Clochard, regge il piano comunale di aiuti
In questi giorni di eccezionale ondata siberiana - mentre in mezza Europa decine di clochard ci stanno lasciando la pelle - il piano “emergenza freddo” del Comune sta reggendo l’urto. Oggi, e non da oggi, ma in particolare oggi, qualunque homeless dichiari di aver bisogno di un tetto per la notte e di buttare giù qualcosa di caldo - e di questi tempi qui ce ne sono una settantina in tutto - non viene lasciato all’addiaccio. «Le realtà che operano in questo settore stanno rispondendo bene, il piano di rete dell’amministrazione cittadina sta funzionando», premette don Roberto Pasetti, il responsabile della Caritas. «All’occorrenza - spiega l’assessore ai Servizi sociali Laura Famulari - abbiamo aggiunto una disponibilità di posti in una locanda del centro». Essa si abbina alla ricettività attuale fatta già di 40 letti tra dormitorio e centro diurno gestiti dalla Comunità di San Martino al Campo in via Udine, di altri 20 in via Sant’Anastasio in una proprietà della parrocchia Immacolato Cuore di Maria, gestita a sua volta dalla Caritas (che ha in carico i 60 del Teresiano e altri per mamme e figli presso La Madre di via Navali) e di una decina ulteriore di posti in un immobile di via San Lazzaro col coinvolgimento dell’Ics.

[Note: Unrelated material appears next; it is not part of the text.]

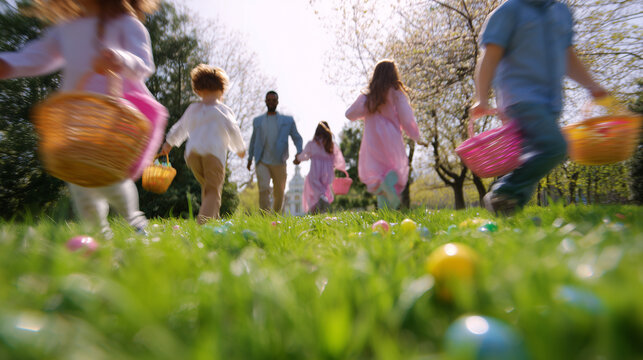 Children running through sunny spring meadow with Easter baskets during festive outdoor egg hunt celebration for family holiday and childhood concepts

Questo però non vuol dire che non ci sia nessuno che sta dormendo per strada. Saranno poco meno che una trentina quelli che continuano a sfidare le temperature in picchiata e pure il taglio delle panchine dandosi appuntamento, solitamente, nell’atrio della stazione. Armati di cartoni e coperte si sistemano in prossimità dei corridoi e degli imbocchi laterali, negli angoli più riparati, o nella zona di accesso ai binari da via Flavio Gioia, o ancora nei vagoni fermi poco più in là. Uomini e donne, anziani e giovani, stranieri e non, che per diversi motivi non se la sentono, rifiutano di dormire nei centri di accoglienza. C’è chi lo fa per dipendenza da alcol o peggio, chi per evitare che lo si scopra clandestino, chi perché ha problemi psicologici se non psichiatrici legati alla propria condizione, ma anche chi non se la sente di separarsi dal proprio partner perché nei dormitori maschi e femmine sono ovviamente divisi. «Fa impressione vedere queste persone fuori alla sera, qui non siamo in presenza di volontà romantiche di vivere sotto le stelle, ma di seri problemi relazionali, personali, condizioni di dolore che si dovrebbero sempre tentare di capire, fino in fondo», osserva Paolo Parisini, presidente della Comunità di Sant’Egidio, volontario delle unità di strada che si interfacciano con la Comunità di San Martino al Campo di don Mario Vatta, che ne è referente di fronte ai Servizi sociali. L’appello del Comune è che se qualcuno sfugge alle unità di strada, venga segnalato ai vigili, che poi attivano la rete di aiuti. Rete cui, se serve, si dicono pronti a contribuire dalla Croce Rossa, dove sono disponibili coperte e abiti pesanti, e pure dal Club Alpinistico Triestino, dove speleologi e alpinisti hanno deciso di attivarsi per far avere al dormitorio di don Vatta indumenti invernali e sacchi a pelo. (pi.ra.)